Mom culling unfertilized eggs









The tank with all their buddies










Dad escorting an intruder back out of the cave


----------



## terd ferguson (Jul 31, 2007)

You'll probably have close to 500 eggs with 90% or so of those hatching. Probably 90% of those hatching will end up as free swimming.

I would wait until they are free swimming for a day or so to remove the fry. As to how many to remove, that's up to you. I'd remove half into an empty fry tank and leave the other half with the parents. Make sure your filter intakes are covered in the fry tank so they (the fry) won't get sucked up into the filter. It shouldn't be a problem that your fry tank isn't on the same system as your main tank. I don't think you'll need to acclimate them unless the water parameters are vastly different between the two tanks.

Most of the fry in the seperate fry tank will probably make it. Some of the fry in the main tank with the parents may make it, depending on parental care and if the tankmates are brave enough to try and eat them.

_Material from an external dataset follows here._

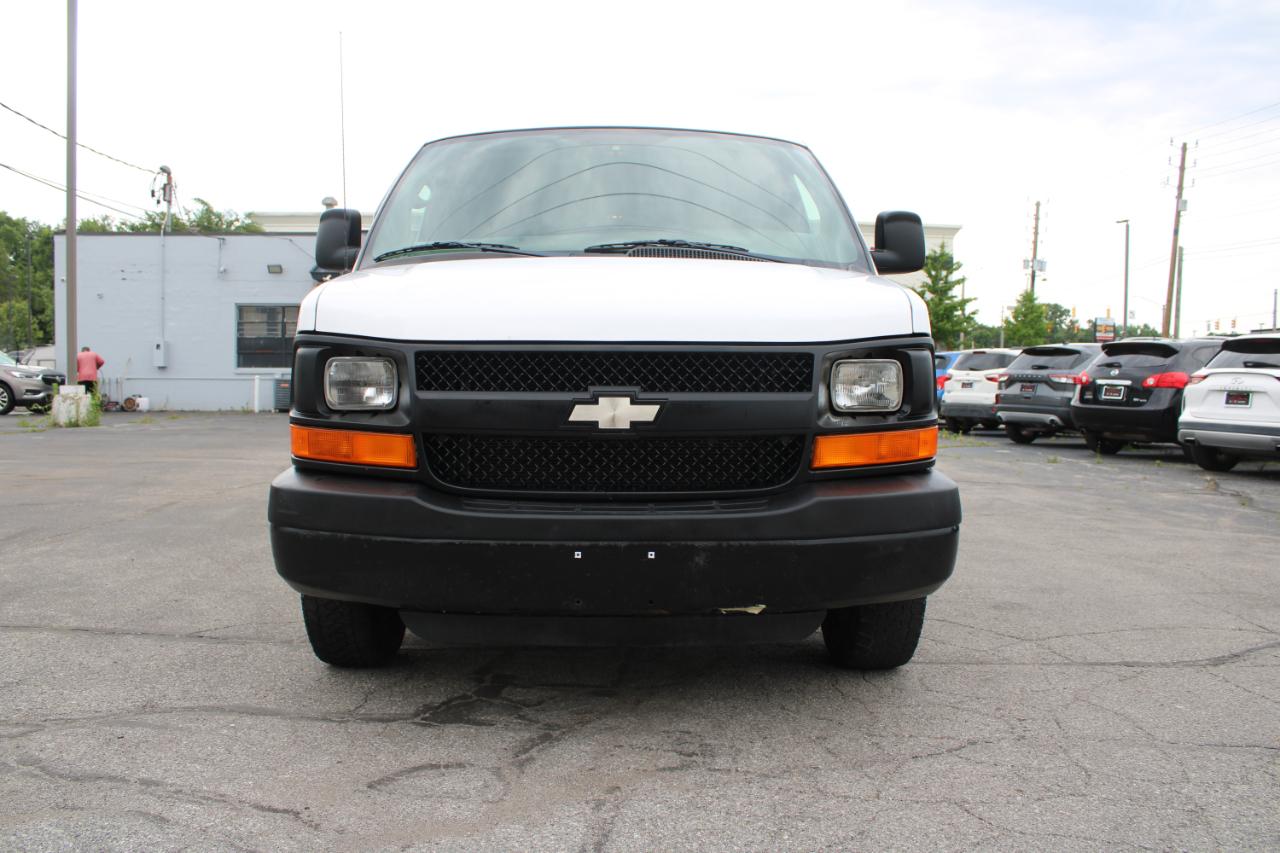 Chevrolet Express Cargo Van RWD 2500 135" 2008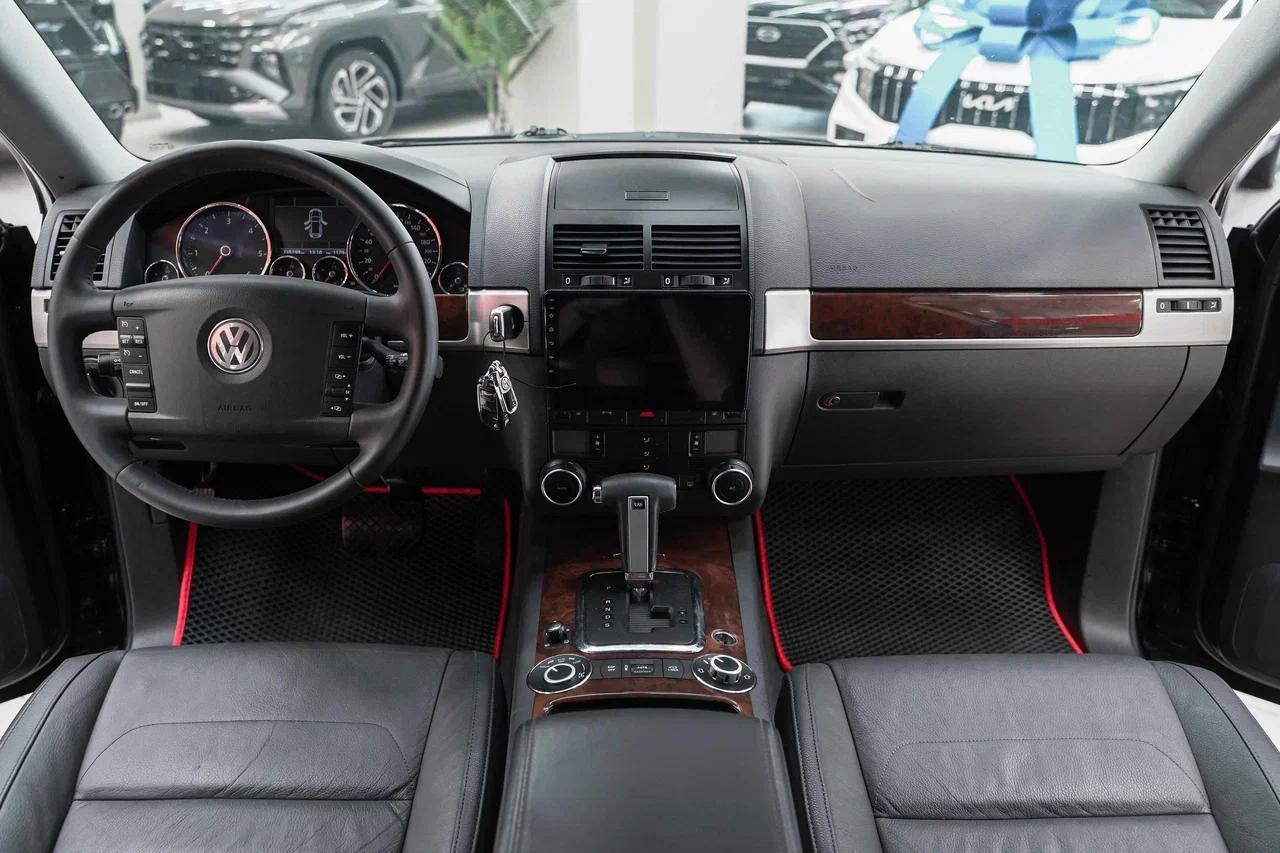 Volkswagen Touareg 2008, черный, ДЦ Орехово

You can cull them down to reasonable numbers after they get a little size to them or right away. It's really up to you depending on how much room you have and how many you want to care for. The ones you don't keep can be used as feeders or sold or whatever.

Good luck and congratulations. Be sure to update with new info as it comes. :thumb:


----------



## remarkosmoc (Oct 19, 2005)

Thanks. I'll post an update when they are wriggling. The parents will defend them long enough that some might survive in the main tank?


----------



## terd ferguson (Jul 31, 2007)

tannable75 said:


> Thanks. I'll post an update when they are wriggling. The parents will defend them long enough that some might survive in the main tank?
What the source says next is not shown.